王凌聰
【摘? 要】數據作為數字時代的重要資源和關鍵要素已成為當下的共識,而數據要素市場的價值和構建路徑還需要深入地研究。論文首先提煉了數據要素市場的價值和作用,然后歸納了國外數據要素市場建設的主要動向。為充分釋放數據要素的價值,我國應堅持政府引領、多方參與及市場化配置的原則,重視場內外交易市場的互補,強化數據標準體系建設,加快前沿數字技術的研發,培育安全合規、高效有序的數據要素市場。
【關鍵詞】數字經濟;數據要素市場;國外經驗
【中圖分類號】F49? ? ? ? ? ? ? ? ? ? ? ? ? ? ? ? ? ? ? ? ? ? ?【文獻標志碼】A? ? ? ? ? ? ? ? ? ? ? ? ? ? ? ? ? ? ? ? ? ? ? ? ?【文章編號】1673-1069(2023)06-0050-04
1 引言
黨的十八大以來,以習近平同志為核心的黨中央高度重視發展以數據為關鍵要素的數字經濟,并將其上升為國家戰略。2022年6月,習近平在主持召開中央全面深化改革委員會第二十六次會議時強調促進數據高效流通使用、賦能實體經濟,加快構建數據基礎制度。2023年3月,全國人大表決通過了《國務院機構改革方案》,從組織層面提出組建國家數據局,這是我國數據要素市場化建設上的又一個里程碑。

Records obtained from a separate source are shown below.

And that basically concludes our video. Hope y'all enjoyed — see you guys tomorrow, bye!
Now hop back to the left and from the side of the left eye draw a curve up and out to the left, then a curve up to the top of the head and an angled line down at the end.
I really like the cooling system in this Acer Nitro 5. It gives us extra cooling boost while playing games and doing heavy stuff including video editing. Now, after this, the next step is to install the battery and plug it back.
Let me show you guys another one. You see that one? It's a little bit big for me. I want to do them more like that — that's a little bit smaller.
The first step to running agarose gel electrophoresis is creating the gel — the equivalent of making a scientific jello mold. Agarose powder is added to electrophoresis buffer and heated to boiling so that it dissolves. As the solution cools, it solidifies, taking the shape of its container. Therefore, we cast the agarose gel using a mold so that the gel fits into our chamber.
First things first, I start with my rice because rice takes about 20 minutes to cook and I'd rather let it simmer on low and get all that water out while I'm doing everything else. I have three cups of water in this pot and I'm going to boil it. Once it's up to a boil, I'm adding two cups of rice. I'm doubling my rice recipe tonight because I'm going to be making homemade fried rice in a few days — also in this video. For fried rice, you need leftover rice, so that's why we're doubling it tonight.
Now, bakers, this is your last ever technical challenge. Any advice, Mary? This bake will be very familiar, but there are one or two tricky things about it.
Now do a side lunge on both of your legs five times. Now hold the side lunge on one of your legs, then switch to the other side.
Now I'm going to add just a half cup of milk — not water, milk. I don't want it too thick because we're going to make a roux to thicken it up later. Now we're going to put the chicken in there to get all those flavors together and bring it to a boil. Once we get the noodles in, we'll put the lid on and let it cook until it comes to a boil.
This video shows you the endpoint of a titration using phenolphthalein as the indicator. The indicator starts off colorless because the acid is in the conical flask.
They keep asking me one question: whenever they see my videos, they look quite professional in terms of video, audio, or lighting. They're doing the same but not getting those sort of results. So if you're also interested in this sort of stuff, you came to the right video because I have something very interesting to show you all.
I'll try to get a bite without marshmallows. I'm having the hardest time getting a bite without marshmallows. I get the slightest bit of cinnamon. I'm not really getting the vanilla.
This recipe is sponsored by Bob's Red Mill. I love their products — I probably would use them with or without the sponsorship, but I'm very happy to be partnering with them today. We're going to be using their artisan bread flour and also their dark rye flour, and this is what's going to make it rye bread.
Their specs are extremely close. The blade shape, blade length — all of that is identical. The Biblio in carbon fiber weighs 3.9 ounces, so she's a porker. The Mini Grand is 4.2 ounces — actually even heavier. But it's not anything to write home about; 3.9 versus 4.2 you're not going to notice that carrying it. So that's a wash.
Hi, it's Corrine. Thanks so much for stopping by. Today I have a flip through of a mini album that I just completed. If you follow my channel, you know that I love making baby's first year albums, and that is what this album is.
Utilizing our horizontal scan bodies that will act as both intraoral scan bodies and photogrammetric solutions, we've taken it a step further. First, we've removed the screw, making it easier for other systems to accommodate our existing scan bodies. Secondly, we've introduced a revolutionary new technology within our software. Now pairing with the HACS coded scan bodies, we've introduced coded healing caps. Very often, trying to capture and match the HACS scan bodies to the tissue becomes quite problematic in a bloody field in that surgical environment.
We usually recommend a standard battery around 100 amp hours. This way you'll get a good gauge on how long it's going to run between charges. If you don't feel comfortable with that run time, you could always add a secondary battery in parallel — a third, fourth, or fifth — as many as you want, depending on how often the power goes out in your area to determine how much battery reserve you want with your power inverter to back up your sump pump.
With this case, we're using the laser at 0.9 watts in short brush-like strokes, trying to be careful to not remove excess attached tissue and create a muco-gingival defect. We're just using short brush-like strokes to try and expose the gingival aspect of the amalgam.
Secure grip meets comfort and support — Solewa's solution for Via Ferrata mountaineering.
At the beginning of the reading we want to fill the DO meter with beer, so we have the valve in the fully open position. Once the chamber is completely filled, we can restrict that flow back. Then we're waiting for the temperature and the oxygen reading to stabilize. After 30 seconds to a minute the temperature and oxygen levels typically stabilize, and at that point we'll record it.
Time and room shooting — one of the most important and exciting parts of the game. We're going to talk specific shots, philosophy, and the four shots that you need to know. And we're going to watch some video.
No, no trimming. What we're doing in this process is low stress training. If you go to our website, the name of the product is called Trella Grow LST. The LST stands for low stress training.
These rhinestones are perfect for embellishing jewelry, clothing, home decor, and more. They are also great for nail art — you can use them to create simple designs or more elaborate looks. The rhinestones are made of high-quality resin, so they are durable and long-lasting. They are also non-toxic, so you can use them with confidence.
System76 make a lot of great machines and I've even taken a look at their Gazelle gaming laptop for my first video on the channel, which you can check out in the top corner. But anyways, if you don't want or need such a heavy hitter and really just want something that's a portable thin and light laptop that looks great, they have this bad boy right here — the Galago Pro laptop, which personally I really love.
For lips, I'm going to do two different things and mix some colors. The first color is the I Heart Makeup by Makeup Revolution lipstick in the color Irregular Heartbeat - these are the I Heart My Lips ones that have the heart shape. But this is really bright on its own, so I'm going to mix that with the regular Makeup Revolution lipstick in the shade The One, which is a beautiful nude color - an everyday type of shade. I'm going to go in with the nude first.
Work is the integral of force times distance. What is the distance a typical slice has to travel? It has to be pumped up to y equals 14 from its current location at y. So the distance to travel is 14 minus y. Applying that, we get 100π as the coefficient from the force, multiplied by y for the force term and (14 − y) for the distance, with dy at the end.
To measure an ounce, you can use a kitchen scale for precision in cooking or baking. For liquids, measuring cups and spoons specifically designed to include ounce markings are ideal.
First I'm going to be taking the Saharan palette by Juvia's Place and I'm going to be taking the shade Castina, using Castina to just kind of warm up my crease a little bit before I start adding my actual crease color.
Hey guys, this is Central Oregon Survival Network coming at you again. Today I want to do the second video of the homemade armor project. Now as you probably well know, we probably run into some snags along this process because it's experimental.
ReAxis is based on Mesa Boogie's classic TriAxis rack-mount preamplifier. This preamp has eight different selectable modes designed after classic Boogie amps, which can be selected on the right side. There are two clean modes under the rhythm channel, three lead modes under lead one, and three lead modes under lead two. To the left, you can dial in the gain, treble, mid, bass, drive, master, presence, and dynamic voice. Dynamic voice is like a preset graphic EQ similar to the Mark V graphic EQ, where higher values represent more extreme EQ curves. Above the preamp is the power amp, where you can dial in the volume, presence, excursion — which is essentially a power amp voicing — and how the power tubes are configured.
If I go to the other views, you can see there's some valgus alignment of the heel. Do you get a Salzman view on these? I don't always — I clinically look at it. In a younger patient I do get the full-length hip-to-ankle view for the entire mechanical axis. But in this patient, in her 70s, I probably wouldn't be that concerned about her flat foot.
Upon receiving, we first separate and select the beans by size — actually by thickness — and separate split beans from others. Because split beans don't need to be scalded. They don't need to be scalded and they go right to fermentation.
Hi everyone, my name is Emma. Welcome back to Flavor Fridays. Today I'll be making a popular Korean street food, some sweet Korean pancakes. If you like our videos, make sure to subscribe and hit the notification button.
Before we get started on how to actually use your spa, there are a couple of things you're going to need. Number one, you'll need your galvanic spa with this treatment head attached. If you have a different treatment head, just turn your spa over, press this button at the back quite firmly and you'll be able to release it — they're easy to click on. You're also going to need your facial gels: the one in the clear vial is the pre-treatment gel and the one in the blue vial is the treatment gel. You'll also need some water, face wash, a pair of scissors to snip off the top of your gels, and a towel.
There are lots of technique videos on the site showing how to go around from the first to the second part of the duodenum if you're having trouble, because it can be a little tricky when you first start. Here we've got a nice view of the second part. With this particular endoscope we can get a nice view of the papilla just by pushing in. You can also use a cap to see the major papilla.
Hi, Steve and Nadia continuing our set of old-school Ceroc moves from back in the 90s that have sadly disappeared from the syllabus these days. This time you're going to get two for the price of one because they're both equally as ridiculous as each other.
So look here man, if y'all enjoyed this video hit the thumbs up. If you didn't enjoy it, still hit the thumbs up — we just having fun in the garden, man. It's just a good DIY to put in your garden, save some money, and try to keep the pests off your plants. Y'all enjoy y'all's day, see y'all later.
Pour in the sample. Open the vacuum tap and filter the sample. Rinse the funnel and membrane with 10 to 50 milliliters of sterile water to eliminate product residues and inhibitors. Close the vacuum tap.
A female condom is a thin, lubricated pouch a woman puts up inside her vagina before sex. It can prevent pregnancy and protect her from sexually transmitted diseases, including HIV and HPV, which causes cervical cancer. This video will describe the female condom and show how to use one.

自2015年我國第一家大數據交易所“貴交所”成立以來,我國在數字經濟的浪潮中不斷探索數據要素市場的建設。然而,相比數字經濟發展得如火如荼,我國的數據要素市場卻存在場內交易量少、場外交易缺乏監管等問題。2021年我國數字經濟規模僅次于美國,約占全球總規模的18.6%。但我國數據交易市場規模卻處于北美、歐洲之后。據上海數據交易所研究院發布的數據,2021年全球數據交易流通市場規模達到2 000億元,其中北美洲、歐洲和中國市場分別占比48%、25%和13%。數據要素市場的不完善制約數字經濟與實體經濟的深度融合,阻礙了我國經濟的高質量發展。因此,有必要深化對數據要素市場價值和作用的認識,總結發達國家在數據要素市場化配置中的有益成果,建立有中國特色的數據要素市場。
2 數據要素市場的價值和作用
2.1 有利于構建全國統一大市場
培育數據要素市場是構建全國統一大市場的題中之意和必然要求,是構建“雙循環”格局的重要抓手。一個完善的要素市場能有效提升資源配置效率、優化經濟結構、改善收入分配[1]。安全合規、高效有序的數據要素市場不是數據價值釋放之路的“攔路虎”,而是保障數據流通交易的“紅綠燈”和數據賦能經濟發展的“高速公路”。“三權分置”的確權原則有利于保障用戶的隱私權益,尊重數據采集商和數據開發商的價值創造貢獻,促進我國大數據產業和數據市場的發展壯大。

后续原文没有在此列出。